Na pokładzie samolotu znajdowało się 60 pasażerów oraz czterech członków załogi. Z kolei w wojskowym śmigłowcu przebywało co najmniej trzech żołnierzy. Zgodnie z informacjami przekazanymi przez funkcjonariuszy, akcja ratunkowa wciąż jest w toku.

Rodziny pasażerów zebrały się na lotnisku


Rodziny pasażerów zebrały się na lotnisku Reagan National, czekając na informacje o swoich bliskich. American Airlines uruchomiło infolinię dla rodzin ofiar, a prezes Metropolitan Washington Airports Authority, John Potter, potwierdził, iż niektórzy z członków rodzin czekali na swoich krewnych, gdy doszło do katastrofy.

Hamaad Raza w rozmowie z CNN powiedział, iż jego żona była na pokładzie samolotu, który zderzył się z helikopterem Black Hawk.

– Modlę się, by ktoś wyciągnął moją żonę z rzeki – wyznał.

Dodał, iż kilka minut przed planowanym lądowaniem otrzymał od niej wiadomość tekstową, iż lądują za 20 minut. Niestety, dalsze próby kontaktu były bezskuteczne, wtedy pomyślał, iż coś może być nie tak.

W Waszyngtonie samolot zderzył się z helikopterem i wpadł do rzeki


Zaraz po wypadku w sieci pojawiły się pierwsze nagrania. Jeden ze świadków, Ari Schulman, w rozmowie z NBC Washington relacjonował: – Wyglądało to dla mnie jak gigantyczna rzymska świeca, iskry strzelające od przodu samolotu w dół do ogona. Widziałem to przez około dwie sekundy.

Dodał, iż początkowo zastanawiał się, czy to zmęczenie nie wpływa na jego postrzeganie, jednak kiedy dostrzegł pojazdy ratunkowe, zrozumiał, iż doszło do tragedii.



Jak podaje The Washington Post śmigłowiec wojskowy UH-60 Black Hawk wykonywał lot szkoleniowy.

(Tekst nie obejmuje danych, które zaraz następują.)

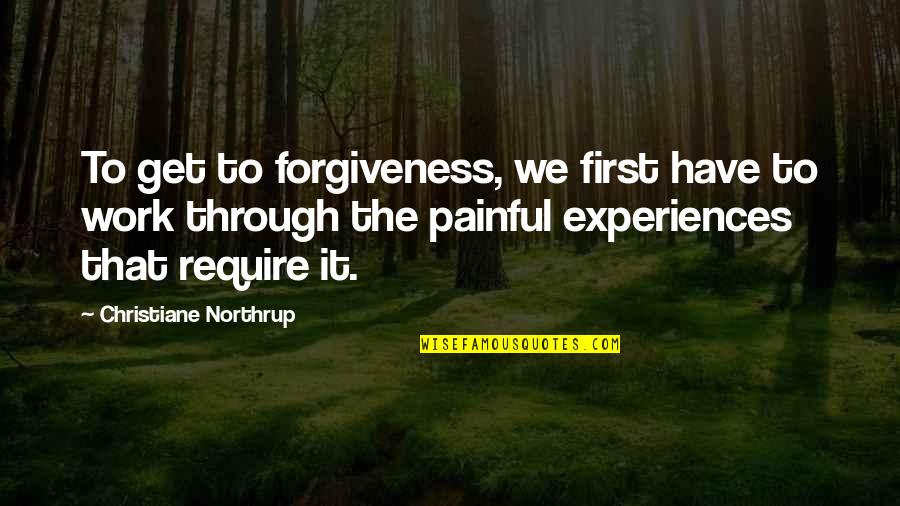 Painful Experiences Quotes By Christiane Northrup: To get to forgiveness, we first have to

Szef straży pożarnej DC John A. Donnelly Sr. powiedział na porannej konferencji prasowej w czwartek, iż 300 ratowników przeszukuje wody.

Prezydent Donald Trump wydał oficjalne oświadczenie opublikowane przez Biały Dom:


"Zostałem w pełni poinformowany o strasznym wypadku, który właśnie miał miejsce na lotnisku Reagan National Airport. Niech Bóg błogosławi ich dusze. Dziękuję za niesamowitą pracę wykonywaną przez naszych ratowników. Monitoruję sytuację i będę przekazywał więcej szczegółów, gdy się pojawią" – napisał.